Emergency, Emergency I (Rogue Elements), 2008 Emergency, Emergency II (An Embarassment of Bitches), 2008 Emergency, Emergency III (Miniature Breakdown), 2008
1. How did you start making art?

I’ve been around it all my life. My dad was a painter and my mother is a ceramist, so it was encouraged early on…
I got interested in film and photography when I was about 15, discovered all the cool things that you could do with the camera and in a dark room in high school, and that’s what I ended up studying and practicing before considering/making art at the graduate level.

2. Briefly describe your art from the perspective of what it could tell us about you?

The collage and installation that I’m interested in now is not anything I’d have considered interesting four years ago. I suppose that means the way I think about making work has undergone a big shift.
The collages use ordinary materials and they parody the fashion of miniature painting that has become a sought after genre of contemporary painting from Pakistan, especially in the international art market. Its even considered a movement of sorts. There are some amazing artists developing their work in this way, but I was more interested in the way that the contemporary miniature has become fetishized. Also what it implies in terms of taste, and painterly skill and all the rest is an important thing for me. The collages were also inspired by certain political events that happened in Pakistan last year.
The other thing I am really interested in is the urban kitsch of Lahore, which is where the wallpaper made from posters comes in. I’m fascinated by the recycled imagery, the sloppy photoshop work, and the romanticism. This says a lot about the culture especially in relation to what is happening there politically, and I’m very interested in using that in my work.
Installation View Installation View II
3. What experiences have most influenced your choice of subject matter medium and style?

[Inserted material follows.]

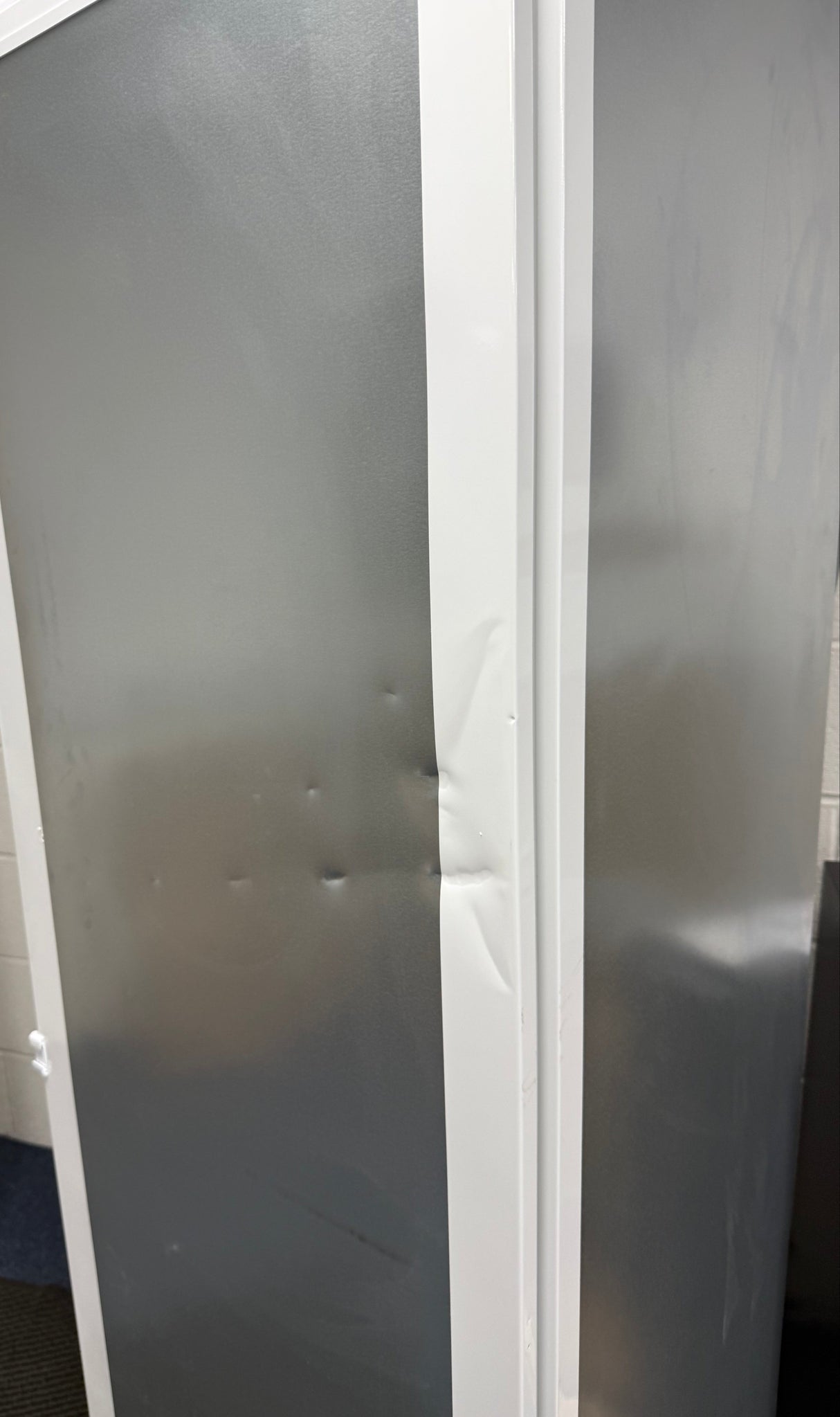 Beko BFFD4577 (49) 178cm Integrated Frost Free 220L Tall Upright Freezer with Sliding Hinge - E Rated - (Graded Dented) - HW182449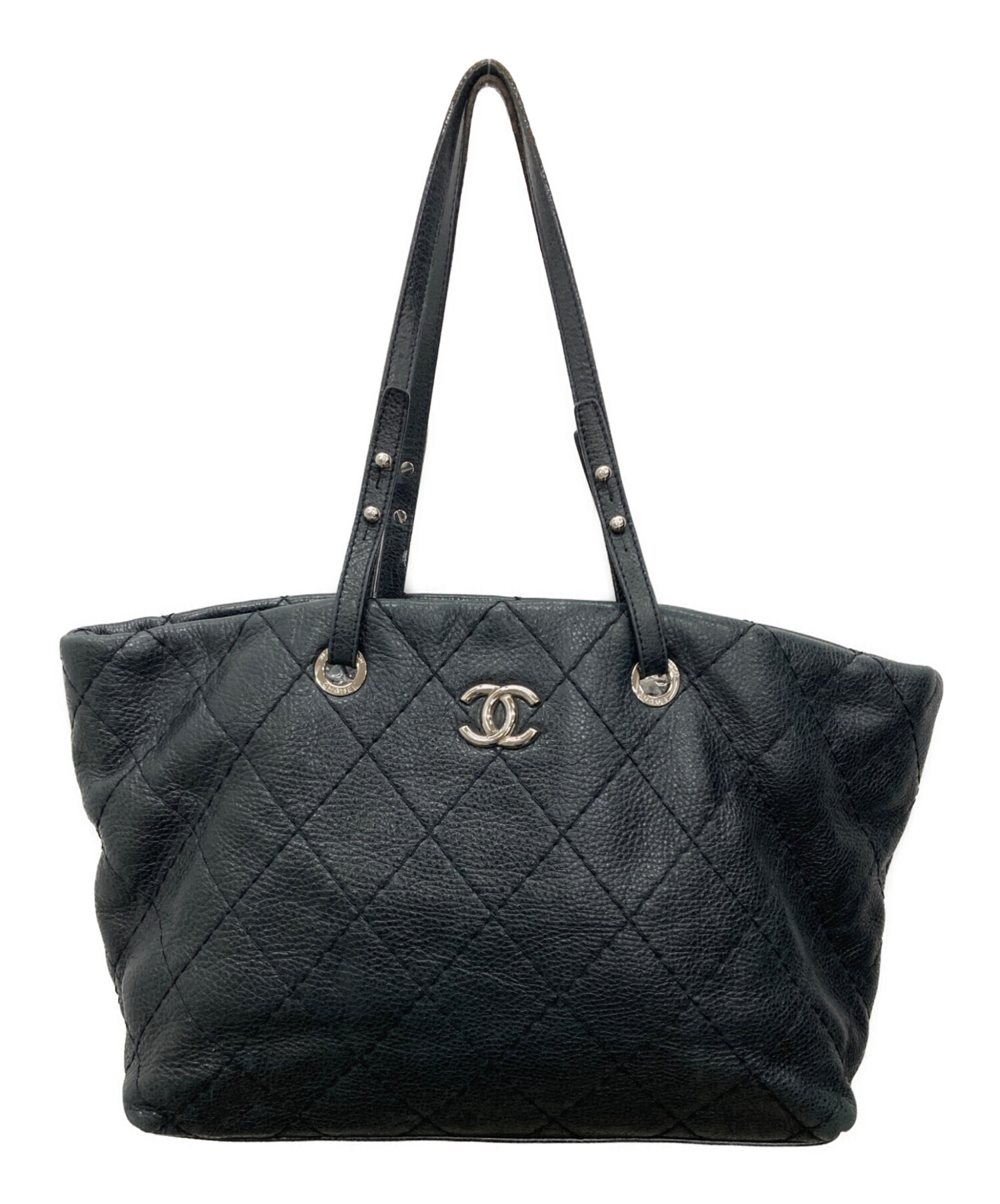 中古・古着通販】CHANEL (シャネル) トートバッグ ブラック｜ブランド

Growing up in Lahore in the 80’s. Moving between the developing and the developed world from a young age. Discovering my grandfather’s archive of photographs and travelogues at 12. All these things are pretty significant with recent projects.

4. Is your formal or informal training as an artist useful? How?

That’s a really good question. Everyone is marked by the ideologies of the institutions that they have been associated with. It is useful to some degree because it gives you a framework and structure, particularly useful at a basic level. But it is probably more important to undo that training, or develop your work beyond what they’ve set you up for.

5. Does your work reflect issues in yourself, in society or community?

Probably all of the above.

6. Do you appreciate culturally specific works of art? If so how does your personal and cultural background show up in your work?

In a way every work of art is specific to a culture and time and place, whether its Gordon Matta Clark splitting a house in two pieces, or Yinka Shonibare’s Victorian dresses that he commissions a seamstress to make with African fabric.
If you mean in terms of heritage and cultural background, I’m not sure how that works without getting clichéd in a world and an art system which is pretty international and lets face it, has it an audience that is quite jaded. But some artists have been very clever at dealing with these issues in their work, which is pretty cool and inspiring.
Yes, my personal and cultural background does play a part in my work. The collage work specifically deals with miniature painting and the poster’s with a particular kind of Lahori kitch… Before I dealt with these things and used them in my work a lot of people tended to project an ethnicity that I hadn’t intended, regardless, so it can be a pretty tricky thing.
Cheap Tricks (Sparkle and Shine), 2008 Installation View, Cheap Tricks (Sparkle and Shine), 2008
7. Is there anything you would like to say about your local art scene or the international art market, art education, and or system for art exhibition?

A lot. It would exceed the word count for this interview so I’ll maybe I should start a blog or write a pamphlet.

8. How does your current portfolio fit into the rest of your body of work?

I’m still dealing with a new conceptual direction that I started last year, so its quite different from work I was developing in film and photography and also in terms of what its about. But there are probably a lot formal similarities that you can see as thread.